** Opening Input material block **
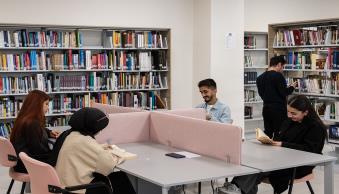 Üniversitemiz Merkez Kütüphanesi, Modern ve Geniş Olanaklarıyla Hizmet Sunuyor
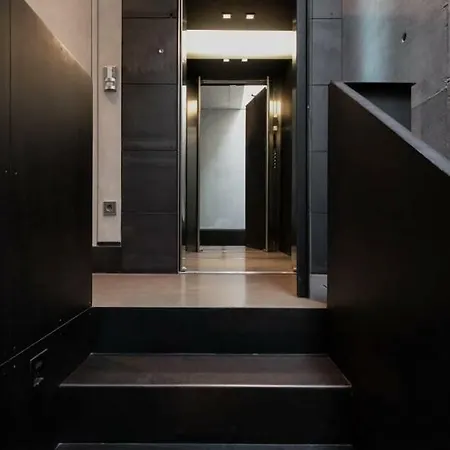 500m² Homm In Kerameikos Athens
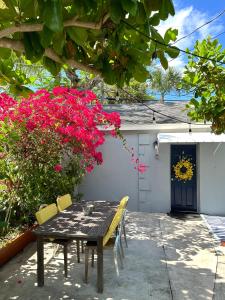 Zahrada ubytování Salthaus West Palm Beach - saltwater pool & spa coming December 2025!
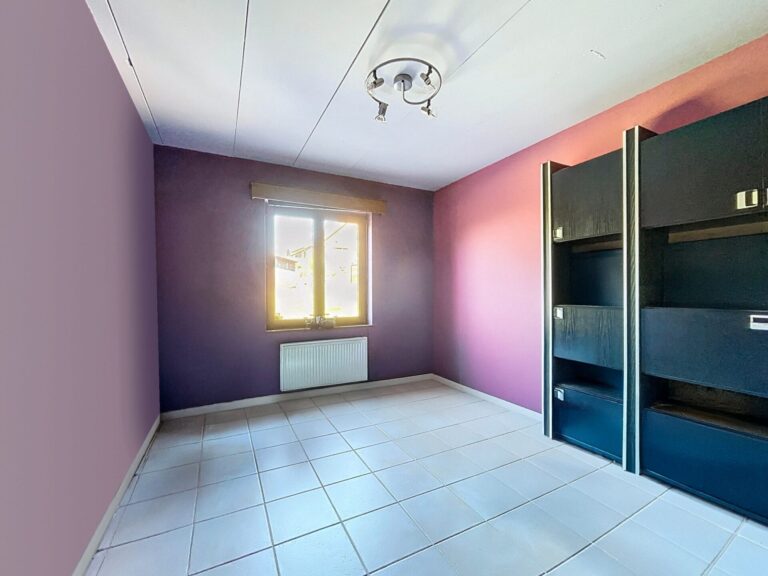 Condrogest - VENDU!! Maison 4 chambres à vendre à Ciney – Idéalement située !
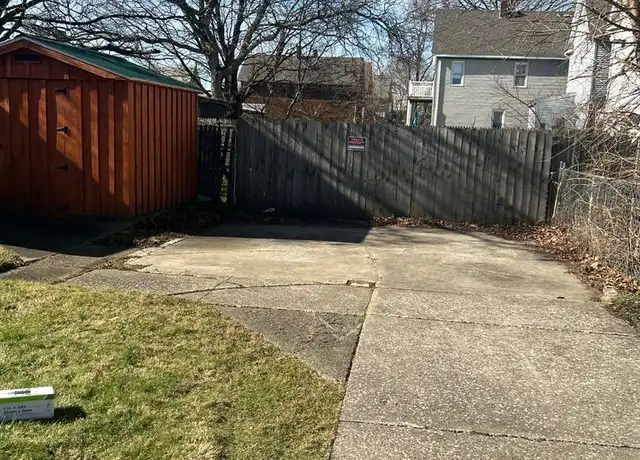 Property at 810 Hess Ave Unit 2, Erie, PA, 16503, 2 beds, 1 bath, [object Object]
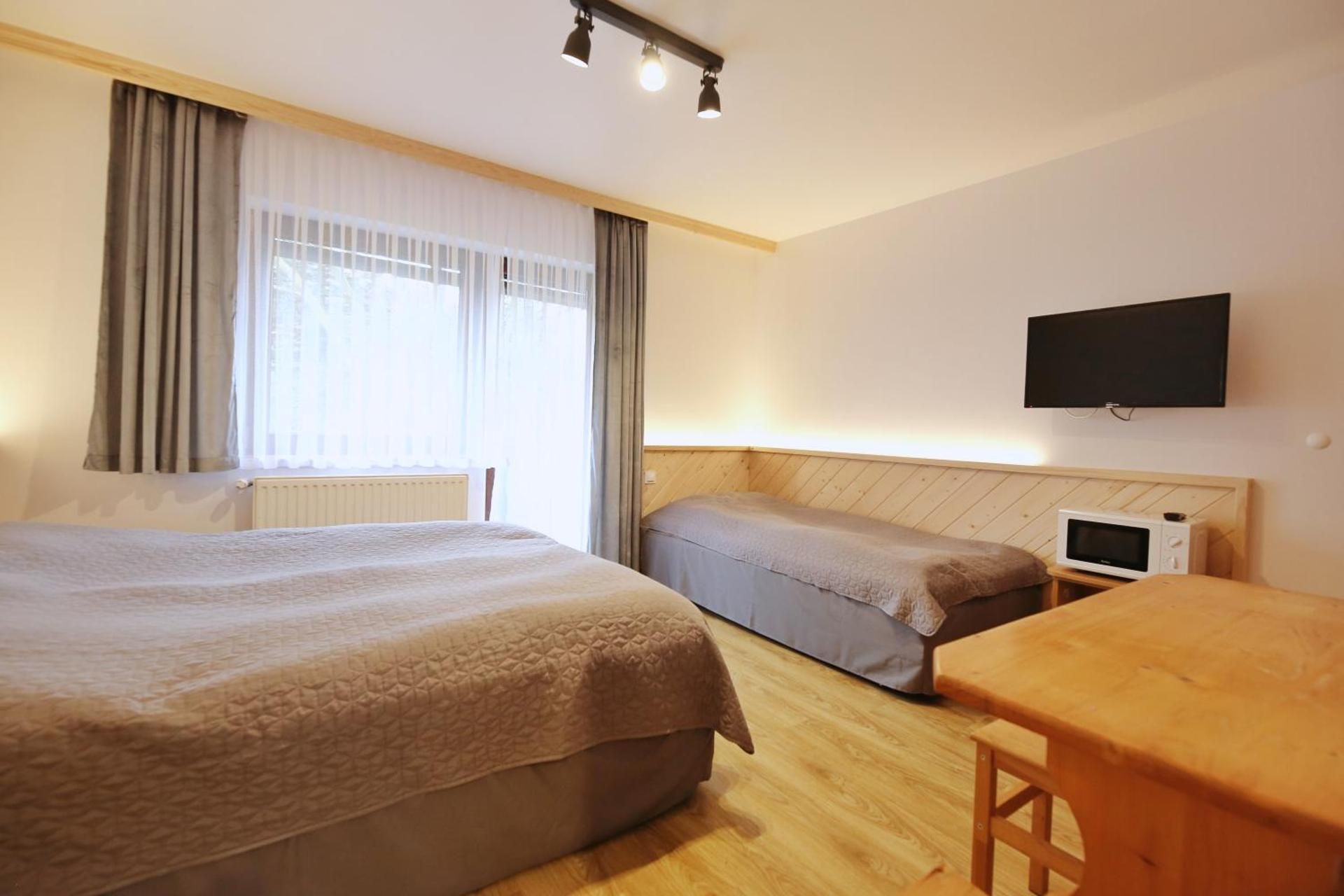 Triple Room with Bathroom
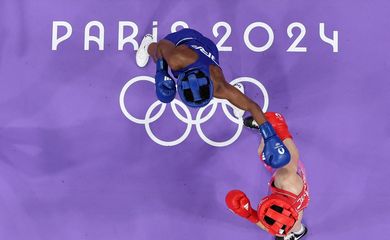 Luta de boxe durante a Olimpíada Paris 2024
02/08/2024 Richard Pelham/Pool via REUTERS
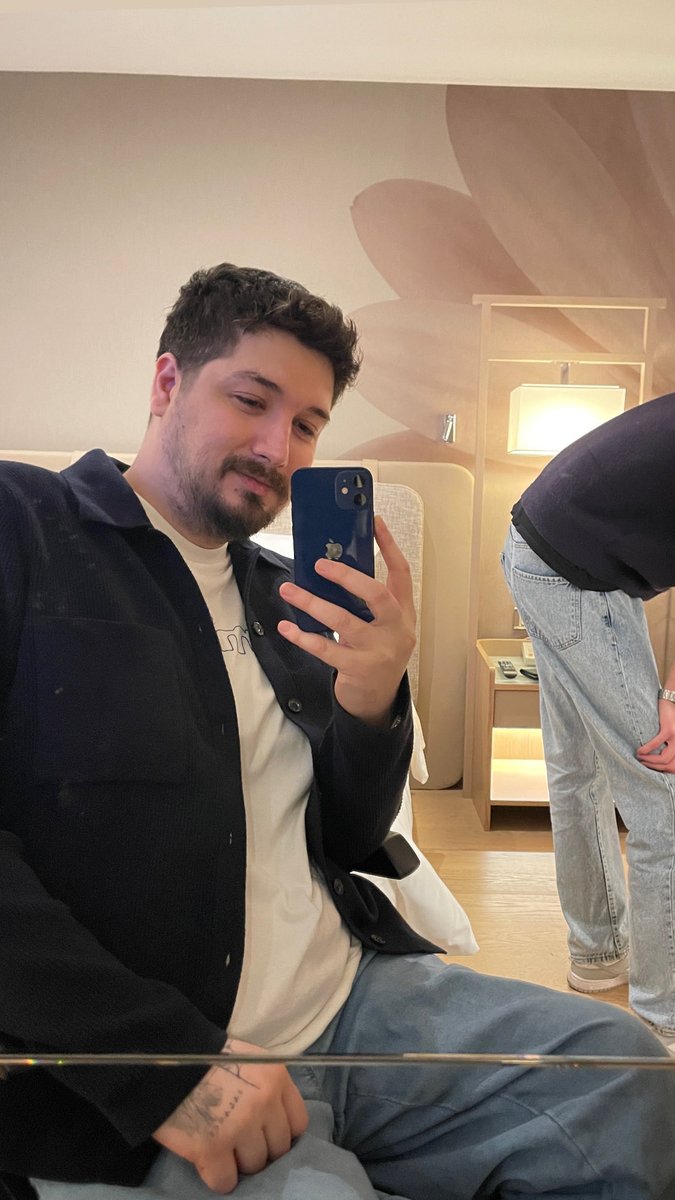 Kardeşimin pozu karşısında çok içten gülümsemişim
** Closing Input material block **
## Task prompt
Everything from the line with "500m² Homm In Kerameikos Athens" through the line with "Triple Room with Bathroom" in the material above should be transcribed exactly, except the pictures.

## Output of the exercise
 500m² Homm In Kerameikos Athens
 Zahrada ubytování Salthaus West Palm Beach - saltwater pool & spa coming December 2025!
 Condrogest - VENDU!! Maison 4 chambres à vendre à Ciney – Idéalement située !
 Property at 810 Hess Ave Unit 2, Erie, PA, 16503, 2 beds, 1 bath, [object Object]
 Triple Room with Bathroom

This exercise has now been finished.